What books have shaped me the most? Taking IVP books out of consideration (to keep bias to a minimum), the books below have formed my thought life, my spiritual life, my sense of aesthetics, and how I view and interact with the world.
After making the list I noticed that I read most of them before I was twenty-five. And I suppose that’s to be expected. In midlife and beyond, most people have already been shaped, and it’s harder for any one book to have a significant impact. The last book in my list (presented here roughly in the order in which I read them) is the exception.
Hamlet—
I had a stellar high school English teacher who spent weeks taking us line by line through what he called the greatest book by the greatest author in history. Mr. Ryan opened our eyes to a feast so we could partake of a whole new world of life, ideas, emotion and drama.
Mere Christianity–As a new Christian I read ravenously and widely. Lewis’s classic still stands as a landmark of clear thinking, showing me how faith and reason can be good friends.
How to Read a Book–Mortimer Adler’s and Charles Van Doren’s essential guide offers a wide variety of ways to understand and appreciate what we read. More than that, this still widely used volume taught me how to think.
The Lord of the Rings–Tolkien’s trilogy showed me the power of imagination. In creating a fictional world of orcs, wizards, hobbits and Ents, he helped me believe that courage and honor, faith and friendship, and truth and love are possible in our world too.
I was delighted to be able to bring this book back into print at IVP in 2005 since I had read it first in the mid-1970s, in its original Concordia edition (so it technically passes the “non-IVP” test).
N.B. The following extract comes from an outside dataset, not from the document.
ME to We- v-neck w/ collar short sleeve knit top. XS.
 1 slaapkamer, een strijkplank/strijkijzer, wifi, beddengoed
Ken Bailey revolutionized the way I read the New Testament.
Jesus and the Victory of God–This tour de force still astonishes me in its ability to challenge at once the academic establishment to take the Gospels more seriously and the church to see anew the cosmic, multi-dimensional achievement of Jesus.
What books have influenced you most?
Nice to see two inklings on your list! I would include the Lord of the Rings and Lewis’ The Great Divorce. Also Athanasius’ On the Incarnation and perhaps Tertullian’s On Baptism, which awakened me to the wealth of widsom in Patristic literature. Some of Calvin Miller’s books, Richard Foster’s Celebration of Discipline, various Luther writings, and Red Badge of Courage. Actually, I find almost everything that C.S. Lewis wrote nourishing.
That’s a great list, Rob. Once you start listing great books, it’s hard to stop.
Six most influential books (apart from the Bible, a given):
The Pursuit of God & The Knowledge of the Holy – A.W. Tozer
The two I consider must reading for all Christians. Pursuit forces you to press in, while Knowledge reveals depths of God that go unmentioned in most other books.
Sit, Walk, Stand – Watchman Nee
The best book written on the believer’s position in Christ.
The Journals of Jim Elliot – Jim & Elisabeth Elliot
As a younger man, this book showed me that some people take their Christianity more seriously than others, and it was wise to do so, even if doing so proved costly.
The Great Evangelical Disaster – Francis Schaeffer
The book that forced me to consider how Evangelicalism had gone off the rails.
The Fight – John White
The book I still give to new believers.